Closing of Texpo Pakistan 

La Presse


While the impressive biennial Karachi Expo-Pakistan embraced a wide range of economic sectors, "Texpo 2019" that has just opened in Lahore seems to be dedicated to textiles, a niche that is doing well in Pakistan. Hence, Pakistani exports are faring better than ever. The opening of the event did not fail to drain hundreds of industrialists and investors from different countries including Tunisia


The primary objective of the Expo is to disclose the potentialities of Pakistani producers, but also to give importers worldwide an idea of ​​ the myriad opportunities they can come across with regard to raw materials, accessories, spinning, fabrics as well as quality finished products. No wonder that this Asian market of more than 200 million consumers is now a pioneer in the textile sector. Already, Pakistan is ranked the 4th largest cotton producer and 8th largest textile exporter in the world.
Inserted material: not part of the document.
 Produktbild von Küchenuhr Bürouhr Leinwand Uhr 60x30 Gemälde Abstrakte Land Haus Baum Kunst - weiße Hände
After the success its previous 2016 edition, "Texpo-Pakistan" was held this year under the motto of "Sharing common denominators". It is now a business hub able to build win-win partnership links. Some 400 exhibitors showed a capacity to produce differently featuring an industrial creativity that speaks for itself. Ready-to-wear items, hand-stitched fabrics, traditional clothes made by fairy fingers, combining authenticity and modernity, supply being more important than demand. This is because everyone is interested in the wholesale business. In other words, the strategy of the expo is to favour the conclusion of contracts by facilitating mixed business contacts. We must say that the event has proven its metal. Tunisian textile operators, present in fairly small numbers, have not missed the opportunity. They would like to engage in competitive initiatives. But does Tunisian textile have a place on the Pakistani market? Especially since the latter tends to open widely to the rest of the world.


In the last two years, the Pakistani government has embarked on a new marketing and communication policy entitled "Emerging Pakistan", setting itself three key objectives: "Improve the image of the sector, give impetus to young skills and make the country a privileged business destination." That said, the country will still need investments and partnerships. Pakistan's new president Arif Alvi, elected last September, came to preside over the official opening ceremony of "Texpo 2019" at the Governor's Palace in Lahore, which shows the prominent interest and attention paid by the authorities to further promote the sector. Tunisia, the gateway to Africa, overlooking Europe, should then make good use of its good relations of cooperation with Pakistan, especially in textiles and its byproducts. By tomorrow, the closing day of the exhibition, there would be, perhaps, a lot of contracts to be signed.